Глава 3
Кириан
— Вы не собираетесь рассказать мне, правда? — спрашивает Одетта.
Я вижу на её лице, которое только начинаю узнавать, растущий гнев. Он проявляется в нахмуренных бровях, чуть наклонённом подбородке, во вспышках в её глазах.
Она красива, до абсурда красива, даже в ярости.
Я собираюсь заговорить, сказать, что понятия не имею, как освободился от проклятия, но Нирида снова бросает на меня предостерегающий взгляд.
Она не хочет, чтобы Одетта узнала.
Я понимаю, что это наш козырь — возможно, единственный.
— Это всё, что связывает меня с вашей революцией. Вы скорее рискнёте, что однажды Тартало предъявит ко мне свои права, чем дадите мне свободу, — продолжает Одетта, угадав в строгом выражении лица Нириды ту же мысль, что и я.
Нирида качает головой и проводит рукой по своим светлым волосам, с видом, который точно не предвещает ничего полезного.
— Тебя не останавливают тысячи жизней, которые ты могла бы спасти, верно?
— Нирида, — одёргиваю её. Мне не кажется, что сейчас подходящий момент провоцировать Одетту ещё больше.
— Это должна решать я, — шипит Одетта, разворачиваясь к Нириде.
Нирида отвечает ей прямым, непоколебимым взглядом.
— Согласна. Проблема в том, что ты настолько эгоистична и избалована, что наверняка сделаешь неправильный выбор. Ты ничем не лучше неё.
Одетта поднимает подбородок, словно её ударили по лицу.
— Повтори это.
И как бы мне ни хотелось встать…
— Одетта, Нирида, думаю, что…
— Это правда, — полностью игнорируя меня, продолжает Нирида. — Ты не такая, как она. Ты хуже. Дешёвая подделка.
— Нирида, хватит, — умоляю я.
— Лира была трусихой, но у неё хотя бы были идеалы, — продолжает она. — А ты просто трусиха без принципов: испуганная и эгоистичная.

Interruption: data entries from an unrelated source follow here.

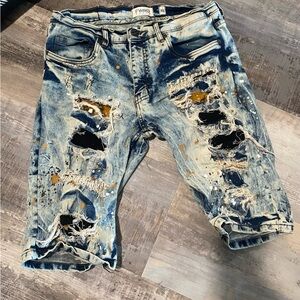FWRD Distressed Blue Denim Shorts with paint splatters
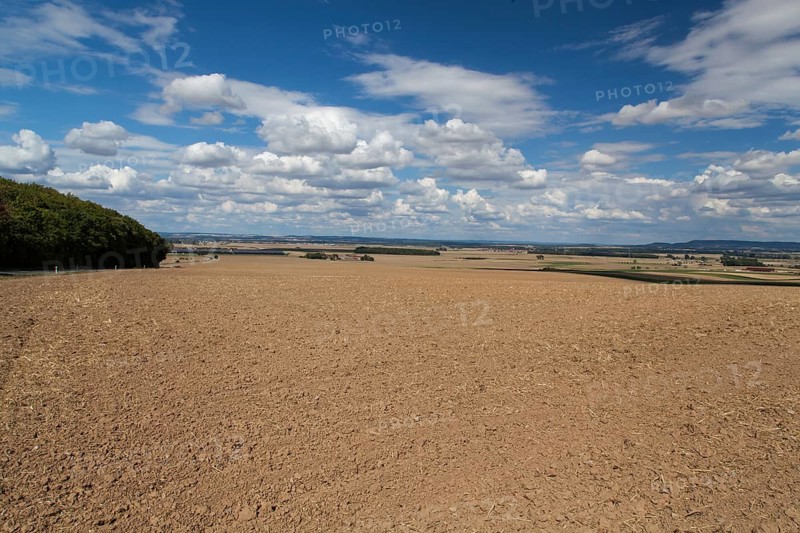 View from the Sonnenberg near Gaibach into the Schweinfurt countryside near Kolitzheim and the foothills of the Steigerwald in the background, Lower Franconia, Bavaria, Germany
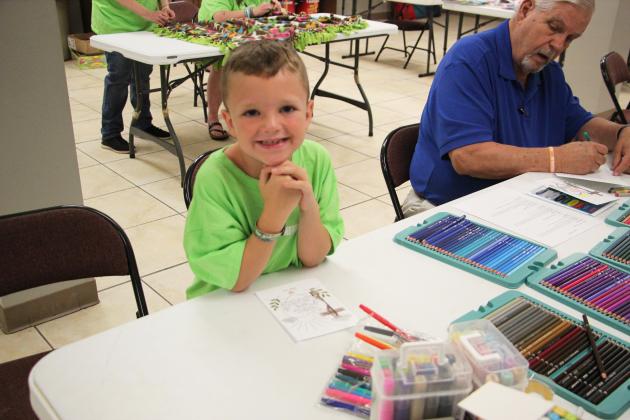 Atticus Miles writes an encouragement card to be included in a comfort backpack for a child entering foster care during the Love Your Neighbor event at Helen First Baptist Church on July 11. PHOTOS BY CARLY HENDERSON/WCN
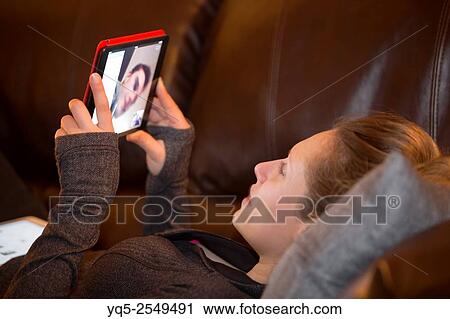 girl video chatting with boy on digital tablet computer. View Large Photo Image Stock Image - girl video chatting with boy on digital tablet computer.. Fotosearch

— Достаточно, — процедил я сквозь зубы.
— Должно быть очень тяжело украсть такую жалкую жизнь и понять, что ты сама ещё хуже.
Внезапно по полу пробегает лёгкая дрожь. Она едва ощутима, как гул. Это единственное предупреждение, прежде чем взрыв заставляет Нириду занять боевую стойку, а меня — отскочить в сторону, когда лампа, стоящая рядом со мной, разлетается на куски, как и стеклянные фонари на деревянной дорожке снаружи.
Нирида обнажает меч, а инстинкт велит мне вскочить с кровати, пока я понимаю, что в разбившемся стекле нет следов снаряда, а в комнате — никакого врага.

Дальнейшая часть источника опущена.